Bu iddianın kısmen haklılık payı olmakla beraber Atatürk gerçekten İslam adına bu açıdan gerekli olanı yapmış mıdır?
Atatürk eğer hurafeyi dert edinmiş olsa Mehmet Akif Ersoy gibi hurafecilikle mücadele ederken İslam'ın sahih kaynaklardan yeniden anlaşılmasından, Kur'an'ın öne çıkarılmasından bahsetmesi gerekirdi.
Halbuki o dönemde hurafeciliğe karşı İslam’ın sahih
kaynağından yeniden tetkik edilmesini gündeme getiren, İslam’ın bilimle
çatışmazlığını savunan bir akım vardı. Bu akımın öncü isimleri Cemaleddin
Afgani, Muhammed Abduh, Reşit Rıza bu alanda çalışmaları olan Fransa'da,
Mısır'da dergiler çıkaran ilahiyat hocaları, aktivistlerdi.
Reşit Rıza’nın Muhammed Abduh ile beraber çıkarttığı Menar Dergisi’nin Osmanlı’daki temsilciliğini Mehmet Akif yapıyordu. Sırat-ı Mustakim ve Sebilürreşad dergilerinde Menar dergisinden tercümeler yayınlıyordu.
Bu kişilerin bugünden eleştirilecek yönleri olabilir ama asıl konu dini anlama konusunda ortaya koydukları usuldür. İçtihat kapısının kapandığını savunan müslümanlara karşı Mehmet Akif'in ''Doğrudan doğruya Kur'an'dan alıp ilhamı asrın idrakine söyletmeliyiz İslam'ı'' dizesinde tam anlamını bulan anlayışla bunu yapmaya çalışan azınlık bir gruptu bunlar.

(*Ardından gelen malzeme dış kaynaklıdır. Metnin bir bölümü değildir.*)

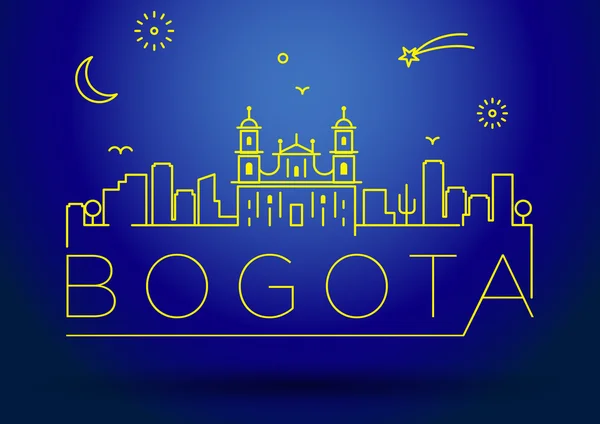 Silueta de línea de la ciudad de Bogotá — Vector de stock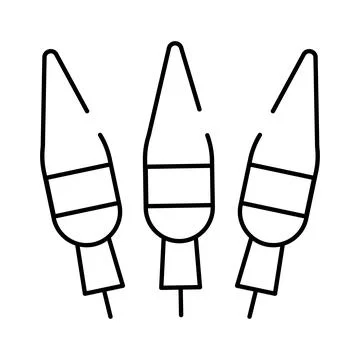 Firework rocket line icon for celebration party Stock Illustration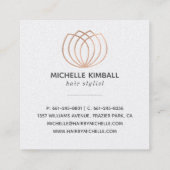 Rose Gold Signature Lotus Blume | Square Business Quadratische Visitenkarte (Rückseite)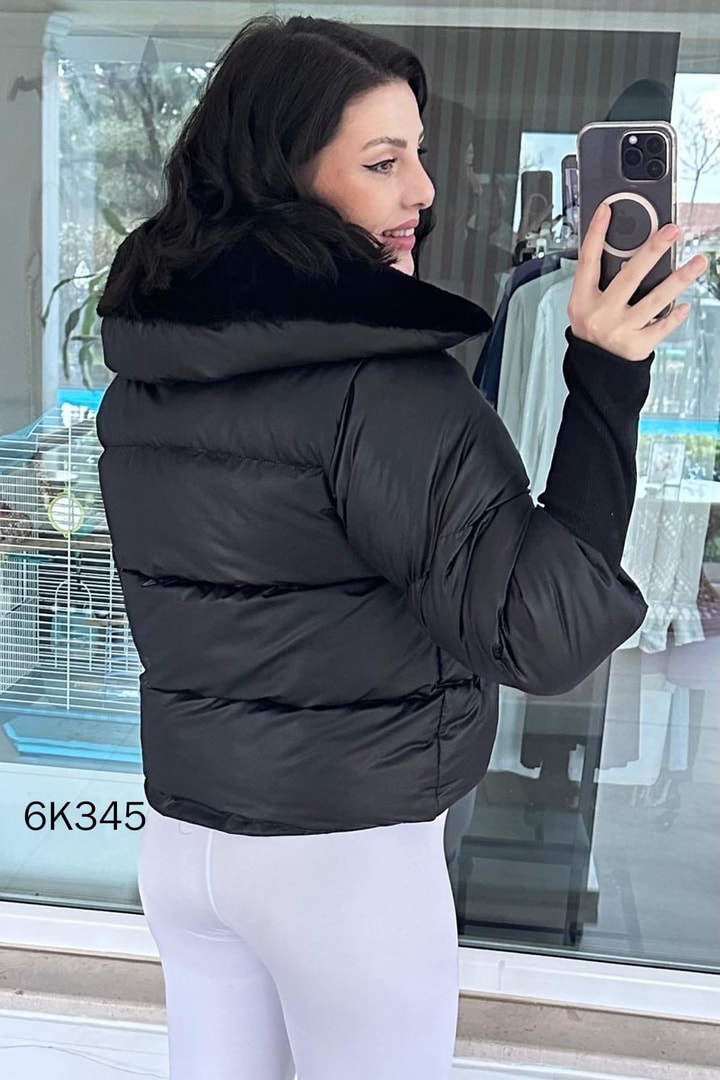 Kürk Detay Kısa Şişme Mont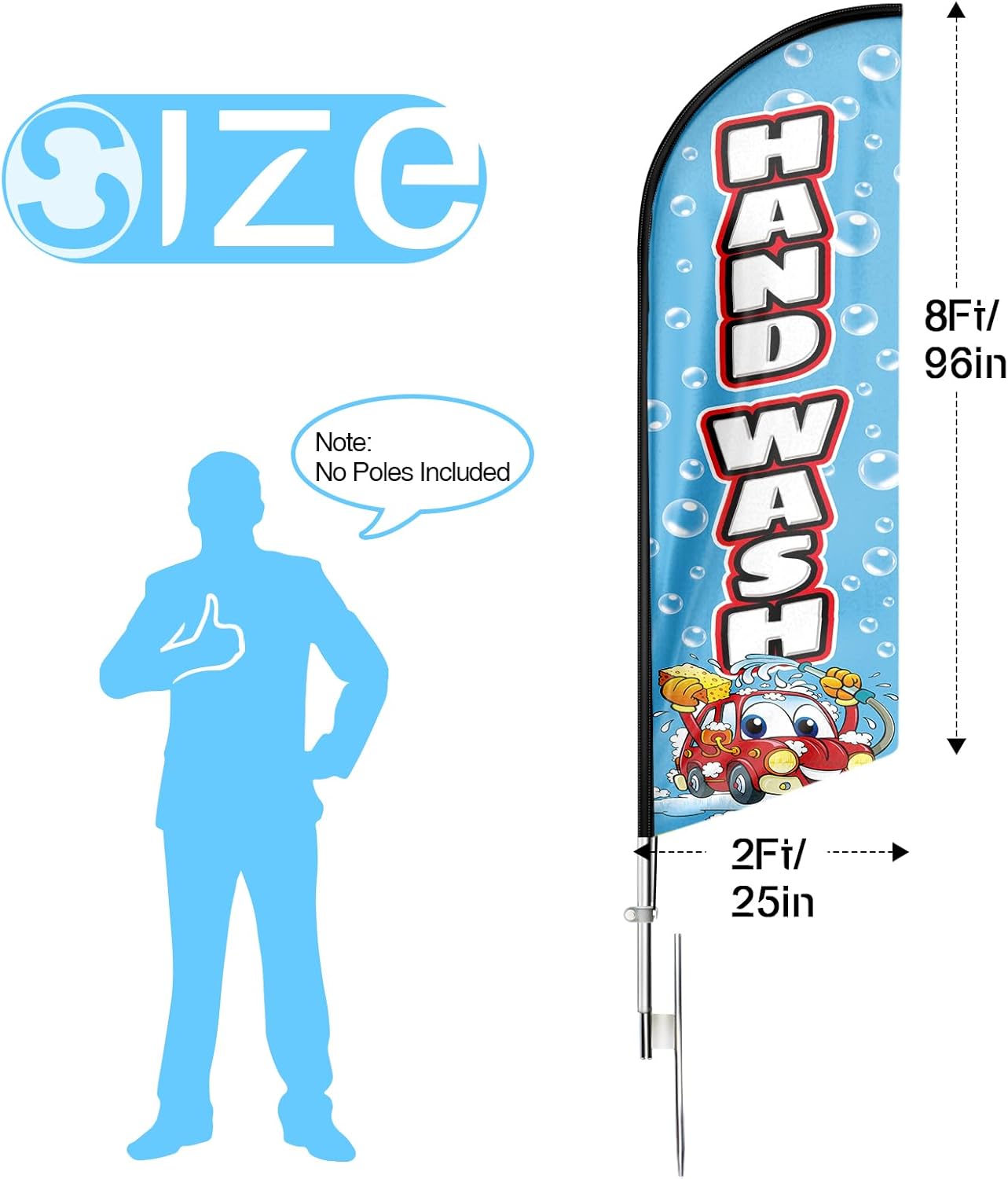 Car Wash Signs-8ft Blue Hand Wash Feather Flag for Hand Wash Business（Flagpole Not Included）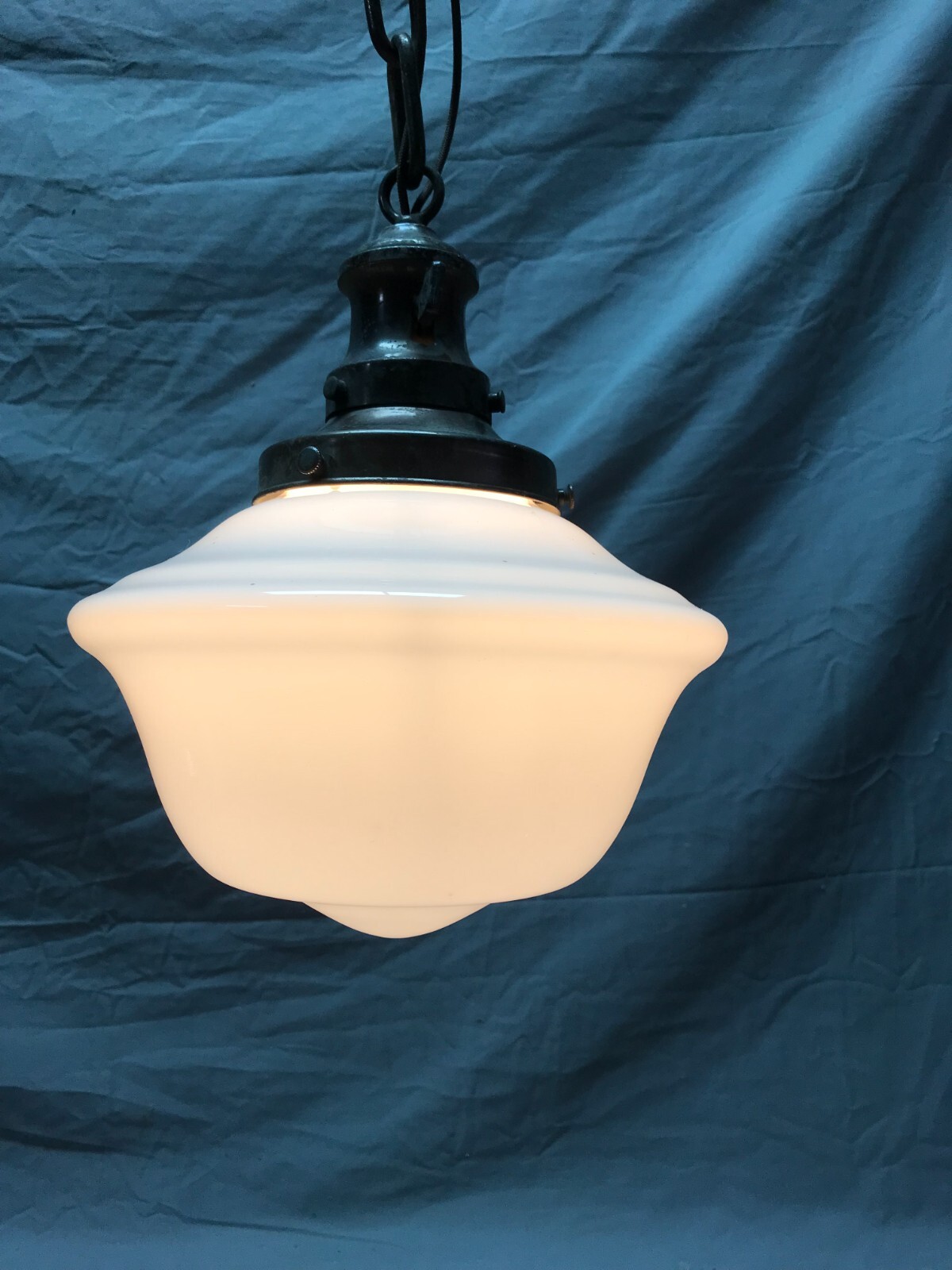Antique 9″ Schoolhouse Bank Ceiling Light White Glass Globe VTG Bronze 295-23B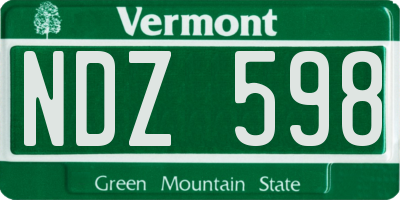 VT license plate NDZ598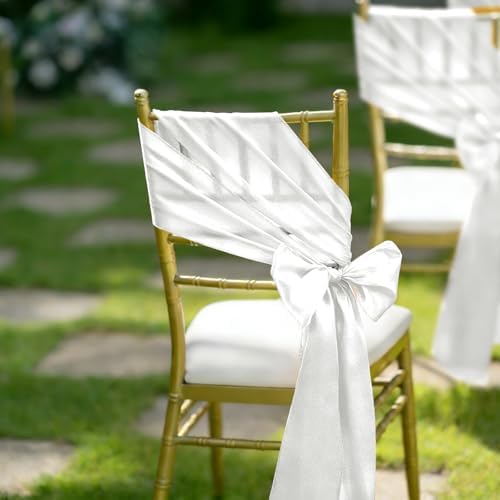 fani White Satin Chair Straps Bows,60 PCS 7x108 Inch,Chair Sash - Image 6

Atatürk'ün bu kişilerin ortaya koyduğu İslami anlayışa göre daha o tarihte Türkiye'de bir din öğretisinin önünü açtığını düşünebiliyor muyuz? Şu anda İslam dünyası ne noktada olurdu.
Atatürk döneminde aksine Meclis tarafından o dönemin gelenekçi isimlerinden olan bir hocaya tefsir yazdırılmış. Kur'an gibi hatimleri yapılan Buhari'nin hadislerini ihtiva eden Tecridi Sarih tercüme ettirilmiştir. 40 bin takım Tefsir 60 bin takım Tecridi Sarih (Buhari) dağıtılmıştır.( Atatürk'ün başka bir amaçla Kur'an meali yazdırma girişimlerine girmiyoruz)
Neticede şunu diyebiliriz, Atatürk dine inanıyorduysa gelenekçi din anlayışına sahipti. İnanmıyorduysa da gelenekçi dinin inanmayanıydı. Entelektüel bir din aydını hiç olmamıştır.